Chi2 in the case of weighted data non integers values sum2w

abaoud · February 19, 2025, 4:25pm

Hello experts, I’m fitting a weighted MC dataset with non-integer values using the chi2FitTo() method and a minimization algorithm to optimize chi2/ndof . In my case, Fval is equivalent to chi2/ndof.
Since I’m working with weighted data, I’m using SumW2 to correctly compute the uncertainty (sigma) for chi2. Unlike standard bins where sigma= root square of y data, in this case, sigma is computed as the sum of the square root of weights in each bin: I obtain correct results using:

chi2_var = ROOT.RooChi2Var("chi2", "chi2", model,data,False,ROOT.RooDataHist.SumW2)
chi2_value = chi2_var.getVal()

#chi2 = frame.chiSquare("model", "data", npar)
ndof = dataHist.numEntries() - npar
chi2= chi2_value/ndof

However, this does not work when using: frame.chiSquare(npar)
Does frame.chiSquare(npar) handle weighted data differently? Any suggestions on how to correctly use it in this case?
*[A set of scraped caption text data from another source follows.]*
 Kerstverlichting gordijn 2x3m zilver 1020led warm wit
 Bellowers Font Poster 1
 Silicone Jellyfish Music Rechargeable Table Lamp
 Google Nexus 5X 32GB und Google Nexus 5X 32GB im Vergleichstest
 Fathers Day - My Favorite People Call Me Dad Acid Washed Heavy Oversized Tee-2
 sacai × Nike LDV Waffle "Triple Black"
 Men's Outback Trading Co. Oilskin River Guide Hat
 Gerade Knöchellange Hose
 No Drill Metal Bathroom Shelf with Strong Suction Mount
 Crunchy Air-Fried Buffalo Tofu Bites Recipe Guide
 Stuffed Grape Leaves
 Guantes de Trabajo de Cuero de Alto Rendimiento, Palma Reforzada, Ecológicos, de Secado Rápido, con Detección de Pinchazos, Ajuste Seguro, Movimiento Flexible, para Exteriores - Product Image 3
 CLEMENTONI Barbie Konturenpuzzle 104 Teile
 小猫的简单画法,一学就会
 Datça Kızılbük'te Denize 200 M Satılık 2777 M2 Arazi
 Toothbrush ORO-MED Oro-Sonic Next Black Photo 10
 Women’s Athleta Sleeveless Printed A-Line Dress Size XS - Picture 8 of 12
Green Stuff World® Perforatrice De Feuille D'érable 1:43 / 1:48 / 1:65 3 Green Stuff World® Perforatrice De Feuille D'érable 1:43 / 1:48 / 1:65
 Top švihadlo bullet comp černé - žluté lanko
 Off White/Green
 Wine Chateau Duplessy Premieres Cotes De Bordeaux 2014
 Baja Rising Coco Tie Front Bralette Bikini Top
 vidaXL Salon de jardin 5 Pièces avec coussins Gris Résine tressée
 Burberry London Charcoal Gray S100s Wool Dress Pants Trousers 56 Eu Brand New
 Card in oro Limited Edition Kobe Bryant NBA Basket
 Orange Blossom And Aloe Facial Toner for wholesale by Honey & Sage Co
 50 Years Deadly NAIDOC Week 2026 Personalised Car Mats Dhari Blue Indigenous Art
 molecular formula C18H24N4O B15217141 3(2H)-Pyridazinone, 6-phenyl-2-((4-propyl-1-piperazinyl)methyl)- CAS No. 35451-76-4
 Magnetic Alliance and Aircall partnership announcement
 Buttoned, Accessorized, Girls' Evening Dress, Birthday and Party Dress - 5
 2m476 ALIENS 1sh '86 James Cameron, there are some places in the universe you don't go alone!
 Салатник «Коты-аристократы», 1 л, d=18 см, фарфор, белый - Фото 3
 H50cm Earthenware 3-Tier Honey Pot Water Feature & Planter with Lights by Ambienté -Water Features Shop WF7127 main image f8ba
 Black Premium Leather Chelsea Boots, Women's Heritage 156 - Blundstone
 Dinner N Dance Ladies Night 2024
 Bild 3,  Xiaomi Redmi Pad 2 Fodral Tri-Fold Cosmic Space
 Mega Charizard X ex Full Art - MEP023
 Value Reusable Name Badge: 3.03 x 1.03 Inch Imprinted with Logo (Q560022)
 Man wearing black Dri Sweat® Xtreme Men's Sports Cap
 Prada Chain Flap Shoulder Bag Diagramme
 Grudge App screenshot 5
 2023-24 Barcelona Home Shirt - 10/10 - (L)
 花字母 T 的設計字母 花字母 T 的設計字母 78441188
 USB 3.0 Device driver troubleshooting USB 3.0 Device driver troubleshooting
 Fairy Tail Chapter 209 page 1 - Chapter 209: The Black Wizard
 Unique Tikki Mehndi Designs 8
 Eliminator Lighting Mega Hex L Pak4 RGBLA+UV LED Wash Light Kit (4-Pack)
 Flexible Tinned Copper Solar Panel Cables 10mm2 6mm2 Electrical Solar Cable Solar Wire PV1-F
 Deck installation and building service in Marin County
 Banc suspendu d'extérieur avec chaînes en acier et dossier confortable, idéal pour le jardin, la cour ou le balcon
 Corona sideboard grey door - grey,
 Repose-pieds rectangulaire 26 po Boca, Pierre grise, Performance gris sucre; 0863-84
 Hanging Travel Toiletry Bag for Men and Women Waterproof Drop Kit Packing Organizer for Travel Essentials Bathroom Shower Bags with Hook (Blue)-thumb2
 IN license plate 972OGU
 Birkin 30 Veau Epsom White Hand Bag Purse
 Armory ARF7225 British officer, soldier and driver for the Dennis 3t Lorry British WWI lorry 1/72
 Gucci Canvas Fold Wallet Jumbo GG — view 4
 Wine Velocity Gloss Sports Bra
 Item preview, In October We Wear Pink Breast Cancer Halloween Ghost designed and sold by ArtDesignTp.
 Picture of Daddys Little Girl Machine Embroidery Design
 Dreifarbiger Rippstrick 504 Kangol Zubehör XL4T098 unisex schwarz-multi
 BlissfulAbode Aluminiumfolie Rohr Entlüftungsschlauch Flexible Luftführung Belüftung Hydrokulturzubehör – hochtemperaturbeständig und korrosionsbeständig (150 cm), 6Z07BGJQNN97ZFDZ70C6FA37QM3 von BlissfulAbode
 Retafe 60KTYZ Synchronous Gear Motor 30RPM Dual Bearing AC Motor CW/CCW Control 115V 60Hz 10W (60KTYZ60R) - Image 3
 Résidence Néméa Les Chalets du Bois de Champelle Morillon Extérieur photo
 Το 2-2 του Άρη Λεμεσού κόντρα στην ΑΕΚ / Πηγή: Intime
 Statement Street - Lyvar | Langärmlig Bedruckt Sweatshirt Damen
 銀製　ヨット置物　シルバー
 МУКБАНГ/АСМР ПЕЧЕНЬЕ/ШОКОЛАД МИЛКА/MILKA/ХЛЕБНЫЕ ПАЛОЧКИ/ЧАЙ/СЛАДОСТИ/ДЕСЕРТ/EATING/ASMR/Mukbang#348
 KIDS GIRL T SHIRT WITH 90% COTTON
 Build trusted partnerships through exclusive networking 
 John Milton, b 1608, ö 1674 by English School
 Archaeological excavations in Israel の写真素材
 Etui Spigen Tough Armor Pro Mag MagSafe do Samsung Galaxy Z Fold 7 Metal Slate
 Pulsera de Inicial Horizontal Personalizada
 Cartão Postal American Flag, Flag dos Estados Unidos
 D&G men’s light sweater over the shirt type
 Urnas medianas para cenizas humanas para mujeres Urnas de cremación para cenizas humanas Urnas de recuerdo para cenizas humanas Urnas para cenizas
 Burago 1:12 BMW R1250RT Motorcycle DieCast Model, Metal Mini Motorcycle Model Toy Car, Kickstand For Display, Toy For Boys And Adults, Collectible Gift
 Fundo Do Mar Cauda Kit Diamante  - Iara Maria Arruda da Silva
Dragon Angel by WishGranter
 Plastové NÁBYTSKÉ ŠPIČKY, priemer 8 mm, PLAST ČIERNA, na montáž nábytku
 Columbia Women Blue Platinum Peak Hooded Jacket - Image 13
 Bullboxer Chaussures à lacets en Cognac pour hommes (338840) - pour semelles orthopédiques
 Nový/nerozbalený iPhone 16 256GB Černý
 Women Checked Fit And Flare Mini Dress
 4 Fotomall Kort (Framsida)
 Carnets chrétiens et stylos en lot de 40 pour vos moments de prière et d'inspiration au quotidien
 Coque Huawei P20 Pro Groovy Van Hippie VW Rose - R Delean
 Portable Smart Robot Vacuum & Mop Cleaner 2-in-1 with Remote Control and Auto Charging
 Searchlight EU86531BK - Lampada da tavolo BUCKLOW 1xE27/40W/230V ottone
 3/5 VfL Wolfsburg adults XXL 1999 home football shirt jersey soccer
mdessole · February 19, 2025, 4:33pm

Hi @abaoud,
welcome to the ROOT forum!

Could you please add more context to your code snippet by explaining 1. if frame.chiSquare(npar) raises an error (and which one if so) and 2. how did you define the frame object?

Cheers,
Monica

abaoud · February 19, 2025, 4:54pm

Hi @mdessole, frame.chiSquare did not raise an error, but it gave me an unexpectedly high value of chi²/ndof. I suspect that it does not compute the uncertainty as sqrt(sum of squares of weights), which may explain the odd result. About the frame object aims to creat a rooplot object, where i can plot my data as well as my model.

    frame = var.frame()
    ROOT.SetOwnership(frame, True)
    data.plotOn(frame, ROOT.RooFit.Name("data"))
    model.plotOn(frame, ROOT.RooFit.Name("model"), ROOT.RooFit.LineColor(ROOT.kRed))
    chi2_var = ROOT.RooChi2Var("chi2", "chi2", model, data, False, ROOT.RooDataHist.SumW2)
    chi2_value = chi2_var.getVal()
    #chi2 = frame.chiSquare("model", "data", npar)
    ndof = dataHist.numEntries() - npar
    chi2= chi2_value/ndof
    col = 0
    cols = [ROOT.kGreen+2, ROOT.kBlue, ROOT.kOrange+1, ROOT.kCyan]
    frame.Draw()
    frame.GetYaxis().SetRangeUser(0, frame.GetMaximum()*1.5)
    leg = ROOT.TLegend(0.7, 0.63, 0.91, 0.85)
    ROOT.SetOwnership(leg, True)
    leg.SetBorderSize(0)
    leg.SetFillStyle(0)
    leg.AddEntry("data", "Data", "LP")
    leg.AddEntry("model", "model", "L")
    for name, comp in components.items():
        leg.AddEntry(name, name, "L")
    leg.Draw()
    ltx = ROOT.TLatex()
    ROOT.SetOwnership(ltx, True)
    ltx.SetNDC()
    ltx.SetTextColor(ROOT.kBlack)
    pos_y = 0.85
    ltx.DrawLatex(0.2, pos_y, "#chi^{{2}}/dof={chi2:.3f}".format(chi2=chi2))

best, Abdessamad

mdessole · February 20, 2025, 9:25am

Let me add in the loop our RooFit experts @jonas @StephanH

jonas · February 24, 2025, 2:21pm

Hi @abaoud, thanks for the question!

Which ROOT version are you using? With ROOT 6.34.04, the chi2 test statistic and the chi2 value from the plot both give the right value with the sum of weight squares for the variance.

See this little example:

RooRealVar x{"x", "x", 0., 10.};
x.setBins(2);

RooDataHist dataHist{"data", "data", x};
x.setBin(0);
dataHist.add(x, 2.0);
x.setBin(1);
dataHist.add(x, 4.0);

RooRealVar c{"c", "c", 2 * 3./10, 0., 10.};
RooGenericPdf func{"func", "c + x - x", {c, x}};

std::unique_ptr<RooAbsReal> chi2{func.createChi2(dataHist, RooFit::DataError(RooAbsData::SumW2))};

auto frame = x.frame();
dataHist.plotOn(frame, RooFit::DataError(RooAbsData::SumW2));
func.plotOn(frame);
double chiSquare = frame->chiSquare(1);

// analytical value is 0.5**2 + 0.25**2 = 0.3125
std::cout << chi2->getVal() << std::endl;
std::cout << chiSquare << std::endl;

The output is:

0.3125
0.3125

Maybe you there are some inconsistencies with normalizations or bin widths in your case? What is your model, is it a RooAbsPdf (extended or not?), or just a regular RooAbsReal function? What does your function represent? A probability density, or yields directly? What is your bin width?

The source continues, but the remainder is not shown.